**Task prompt:**
Pull out every line below that holds the word "Royal".
┌────────
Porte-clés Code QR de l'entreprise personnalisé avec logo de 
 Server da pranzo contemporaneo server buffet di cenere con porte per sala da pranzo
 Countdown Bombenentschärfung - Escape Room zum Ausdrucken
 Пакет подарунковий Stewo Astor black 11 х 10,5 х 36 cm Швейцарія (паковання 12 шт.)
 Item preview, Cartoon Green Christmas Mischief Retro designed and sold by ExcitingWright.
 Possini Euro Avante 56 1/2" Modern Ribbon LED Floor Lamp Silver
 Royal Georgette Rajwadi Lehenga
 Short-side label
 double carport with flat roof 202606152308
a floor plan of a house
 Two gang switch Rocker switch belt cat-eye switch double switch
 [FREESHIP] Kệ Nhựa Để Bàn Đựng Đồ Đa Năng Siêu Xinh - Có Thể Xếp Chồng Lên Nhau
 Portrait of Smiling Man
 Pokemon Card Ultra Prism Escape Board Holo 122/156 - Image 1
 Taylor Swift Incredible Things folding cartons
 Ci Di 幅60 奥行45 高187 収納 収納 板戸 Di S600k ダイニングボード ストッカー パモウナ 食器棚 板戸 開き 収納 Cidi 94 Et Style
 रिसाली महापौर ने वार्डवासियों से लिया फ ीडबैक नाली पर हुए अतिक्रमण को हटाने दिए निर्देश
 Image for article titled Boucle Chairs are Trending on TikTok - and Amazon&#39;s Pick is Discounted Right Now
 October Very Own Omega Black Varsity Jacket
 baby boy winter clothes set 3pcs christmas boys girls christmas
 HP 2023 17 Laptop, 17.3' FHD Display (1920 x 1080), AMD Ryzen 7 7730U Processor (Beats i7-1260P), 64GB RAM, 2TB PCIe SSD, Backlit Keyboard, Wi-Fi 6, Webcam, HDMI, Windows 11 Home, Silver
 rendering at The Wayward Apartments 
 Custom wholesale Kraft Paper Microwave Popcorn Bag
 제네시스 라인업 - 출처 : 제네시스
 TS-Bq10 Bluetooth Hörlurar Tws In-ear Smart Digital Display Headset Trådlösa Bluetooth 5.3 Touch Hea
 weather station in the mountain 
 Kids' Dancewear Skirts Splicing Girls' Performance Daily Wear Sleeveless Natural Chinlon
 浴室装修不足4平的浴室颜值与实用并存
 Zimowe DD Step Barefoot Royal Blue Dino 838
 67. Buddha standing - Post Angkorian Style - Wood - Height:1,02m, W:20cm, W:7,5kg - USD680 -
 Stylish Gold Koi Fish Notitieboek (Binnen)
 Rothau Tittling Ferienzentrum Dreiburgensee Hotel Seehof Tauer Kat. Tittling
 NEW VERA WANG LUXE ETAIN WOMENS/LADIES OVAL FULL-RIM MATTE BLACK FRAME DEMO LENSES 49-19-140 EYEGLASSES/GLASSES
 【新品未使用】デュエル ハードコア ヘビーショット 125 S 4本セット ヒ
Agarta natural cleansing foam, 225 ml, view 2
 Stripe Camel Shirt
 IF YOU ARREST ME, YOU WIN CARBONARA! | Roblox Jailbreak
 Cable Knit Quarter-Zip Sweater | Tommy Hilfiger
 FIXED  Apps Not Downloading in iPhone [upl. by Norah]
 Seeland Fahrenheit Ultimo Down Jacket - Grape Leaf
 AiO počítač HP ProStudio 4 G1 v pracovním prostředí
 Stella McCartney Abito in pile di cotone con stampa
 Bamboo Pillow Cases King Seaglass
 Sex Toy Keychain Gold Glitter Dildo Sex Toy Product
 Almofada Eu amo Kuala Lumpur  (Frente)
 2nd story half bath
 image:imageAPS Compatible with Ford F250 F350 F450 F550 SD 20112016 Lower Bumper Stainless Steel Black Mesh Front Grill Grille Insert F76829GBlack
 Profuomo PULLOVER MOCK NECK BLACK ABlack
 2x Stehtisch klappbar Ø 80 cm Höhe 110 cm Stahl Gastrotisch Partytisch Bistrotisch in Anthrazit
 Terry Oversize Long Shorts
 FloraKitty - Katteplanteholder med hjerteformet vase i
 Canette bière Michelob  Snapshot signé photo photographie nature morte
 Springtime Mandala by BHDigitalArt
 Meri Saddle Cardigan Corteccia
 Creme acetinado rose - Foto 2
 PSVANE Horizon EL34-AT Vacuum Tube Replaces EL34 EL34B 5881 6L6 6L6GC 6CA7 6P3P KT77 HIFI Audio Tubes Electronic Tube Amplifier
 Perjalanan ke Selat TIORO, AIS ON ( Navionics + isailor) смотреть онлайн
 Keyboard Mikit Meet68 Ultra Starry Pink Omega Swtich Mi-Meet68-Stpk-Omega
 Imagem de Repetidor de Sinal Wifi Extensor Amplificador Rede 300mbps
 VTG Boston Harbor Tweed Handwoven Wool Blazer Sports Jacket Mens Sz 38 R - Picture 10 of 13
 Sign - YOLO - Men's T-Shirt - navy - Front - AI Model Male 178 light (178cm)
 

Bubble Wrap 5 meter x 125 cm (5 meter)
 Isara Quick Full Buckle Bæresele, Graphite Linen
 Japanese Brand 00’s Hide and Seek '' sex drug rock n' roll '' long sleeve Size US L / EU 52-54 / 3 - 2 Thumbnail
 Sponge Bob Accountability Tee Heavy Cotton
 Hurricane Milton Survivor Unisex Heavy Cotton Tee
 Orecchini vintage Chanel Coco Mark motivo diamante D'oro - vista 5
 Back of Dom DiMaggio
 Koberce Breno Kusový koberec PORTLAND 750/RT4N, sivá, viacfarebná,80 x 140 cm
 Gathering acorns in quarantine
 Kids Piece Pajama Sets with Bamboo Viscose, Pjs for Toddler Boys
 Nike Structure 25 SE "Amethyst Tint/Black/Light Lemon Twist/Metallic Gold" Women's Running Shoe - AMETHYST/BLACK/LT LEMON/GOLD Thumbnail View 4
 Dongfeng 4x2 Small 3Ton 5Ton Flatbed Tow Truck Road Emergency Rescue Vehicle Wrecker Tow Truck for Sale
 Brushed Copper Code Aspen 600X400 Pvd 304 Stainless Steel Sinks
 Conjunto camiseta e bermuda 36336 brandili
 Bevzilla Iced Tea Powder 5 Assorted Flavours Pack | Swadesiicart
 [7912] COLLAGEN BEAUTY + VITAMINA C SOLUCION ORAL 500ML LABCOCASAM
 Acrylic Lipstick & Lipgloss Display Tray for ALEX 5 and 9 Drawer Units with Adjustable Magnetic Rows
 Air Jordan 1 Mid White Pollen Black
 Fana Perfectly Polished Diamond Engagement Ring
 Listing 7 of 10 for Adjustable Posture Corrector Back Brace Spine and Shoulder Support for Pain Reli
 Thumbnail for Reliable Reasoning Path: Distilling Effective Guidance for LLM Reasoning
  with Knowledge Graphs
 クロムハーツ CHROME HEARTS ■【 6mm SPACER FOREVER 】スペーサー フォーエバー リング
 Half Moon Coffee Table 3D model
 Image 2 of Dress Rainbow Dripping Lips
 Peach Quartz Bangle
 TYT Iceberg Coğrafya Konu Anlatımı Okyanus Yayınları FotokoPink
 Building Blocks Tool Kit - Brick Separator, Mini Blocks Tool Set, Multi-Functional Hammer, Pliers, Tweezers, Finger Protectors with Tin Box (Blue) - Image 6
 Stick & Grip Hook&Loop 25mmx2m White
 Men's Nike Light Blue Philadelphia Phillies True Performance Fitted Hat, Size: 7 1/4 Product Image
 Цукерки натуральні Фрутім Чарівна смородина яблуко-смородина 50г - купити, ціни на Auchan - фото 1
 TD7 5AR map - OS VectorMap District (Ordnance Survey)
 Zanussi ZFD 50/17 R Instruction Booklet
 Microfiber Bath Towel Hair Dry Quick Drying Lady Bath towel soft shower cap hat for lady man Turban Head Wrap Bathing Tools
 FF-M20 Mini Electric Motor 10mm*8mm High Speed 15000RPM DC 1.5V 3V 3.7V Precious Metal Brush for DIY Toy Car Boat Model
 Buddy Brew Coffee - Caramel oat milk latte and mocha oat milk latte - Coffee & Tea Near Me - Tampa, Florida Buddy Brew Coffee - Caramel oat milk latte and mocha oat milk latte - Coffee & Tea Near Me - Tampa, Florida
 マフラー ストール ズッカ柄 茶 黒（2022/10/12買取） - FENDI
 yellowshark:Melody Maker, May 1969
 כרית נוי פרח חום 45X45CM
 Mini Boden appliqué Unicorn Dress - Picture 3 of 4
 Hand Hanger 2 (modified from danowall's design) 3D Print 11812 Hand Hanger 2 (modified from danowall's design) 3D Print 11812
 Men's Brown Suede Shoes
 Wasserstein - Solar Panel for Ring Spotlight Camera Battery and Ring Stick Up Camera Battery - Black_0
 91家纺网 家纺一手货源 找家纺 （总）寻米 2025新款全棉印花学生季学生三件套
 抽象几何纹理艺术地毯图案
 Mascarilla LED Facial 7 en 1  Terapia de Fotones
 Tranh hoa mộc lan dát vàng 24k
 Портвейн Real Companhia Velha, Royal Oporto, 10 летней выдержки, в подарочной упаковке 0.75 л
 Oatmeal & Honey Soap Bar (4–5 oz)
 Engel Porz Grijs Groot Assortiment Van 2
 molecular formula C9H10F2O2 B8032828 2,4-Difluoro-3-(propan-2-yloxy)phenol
└────────
**Response to the task:**
 Royal Georgette Rajwadi Lehenga
 Zimowe DD Step Barefoot Royal Blue Dino 838
 Портвейн Real Companhia Velha, Royal Oporto, 10 летней выдержки, в подарочной упаковке 0.75 л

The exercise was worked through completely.